Lg March 21, 2013 at 07:36 PM
I have grown up in Bergen County, and I can tell you that the incident of the "scary" and intimidating chain letter is nothing new, except for the fact that the letters are now passed around on phones instead of paper. I also do not see a difference over whether a child gets a phone now or a year from now. Somerville is a wonderful school. I have two children in the school system and I am a teacher. I can confidently say that the children at Somerville are responsible, kind and well-behaved. As for those who call parents who give their children phones "pathetic," I would like to say that owning a phone turned my 11-year old into a monster, but alas, I cannot. It's a phone, not a BMW.

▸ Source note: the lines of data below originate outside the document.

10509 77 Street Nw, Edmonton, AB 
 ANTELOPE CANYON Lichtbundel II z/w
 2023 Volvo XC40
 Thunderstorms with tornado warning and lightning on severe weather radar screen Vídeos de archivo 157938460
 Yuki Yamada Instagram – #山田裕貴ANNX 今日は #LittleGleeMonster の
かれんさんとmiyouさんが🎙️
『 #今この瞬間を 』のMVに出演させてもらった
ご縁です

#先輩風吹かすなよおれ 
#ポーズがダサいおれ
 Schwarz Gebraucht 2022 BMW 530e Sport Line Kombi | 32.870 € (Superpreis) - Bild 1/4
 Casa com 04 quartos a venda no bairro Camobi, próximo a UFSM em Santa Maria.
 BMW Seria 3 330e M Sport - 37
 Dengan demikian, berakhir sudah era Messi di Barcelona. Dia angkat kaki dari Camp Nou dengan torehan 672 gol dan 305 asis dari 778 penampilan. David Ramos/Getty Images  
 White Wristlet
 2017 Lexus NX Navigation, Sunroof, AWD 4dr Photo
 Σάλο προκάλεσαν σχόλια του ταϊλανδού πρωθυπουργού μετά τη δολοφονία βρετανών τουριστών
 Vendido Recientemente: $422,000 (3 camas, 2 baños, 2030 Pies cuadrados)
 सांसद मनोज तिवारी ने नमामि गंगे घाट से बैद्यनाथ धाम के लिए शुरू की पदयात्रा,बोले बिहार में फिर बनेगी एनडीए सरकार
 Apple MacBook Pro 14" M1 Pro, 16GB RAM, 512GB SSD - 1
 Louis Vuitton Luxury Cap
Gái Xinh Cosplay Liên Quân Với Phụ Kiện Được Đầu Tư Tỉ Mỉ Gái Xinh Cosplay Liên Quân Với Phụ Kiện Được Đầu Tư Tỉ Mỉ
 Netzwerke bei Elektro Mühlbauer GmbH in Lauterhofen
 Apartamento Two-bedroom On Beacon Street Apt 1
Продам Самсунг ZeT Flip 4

Kristen March 22, 2013 at 12:41 AM
I agree. I got my kids phones for MY piece of mind. Like so many things, blaming this on the phones is silly.
Elizabeth Cox March 22, 2013 at 03:56 AM
there is no need for name calling-
Jenne March 25, 2013 at 10:22 PM
I didn't have a cell phone until I was 35. But any child who does have some freedom may need a cell phone now-- because the payphones of our child no longer exist, so when a kid needs to call a parent, either they are using their own phone or begging the use of someone else's. There's no giving your kid a (dime, quarter, etc) to call Mom if something goes wrong; either they have a cell or they can't call. I don't text either-- but it sounds like this message was also being promulgated via email. And even kids who don't text can't keep their friends from texting them if they know the number.
D. L. Bauch March 31, 2013 at 03:39 PM
Maybe they should be required to take spelling test to qualify for a smart phone.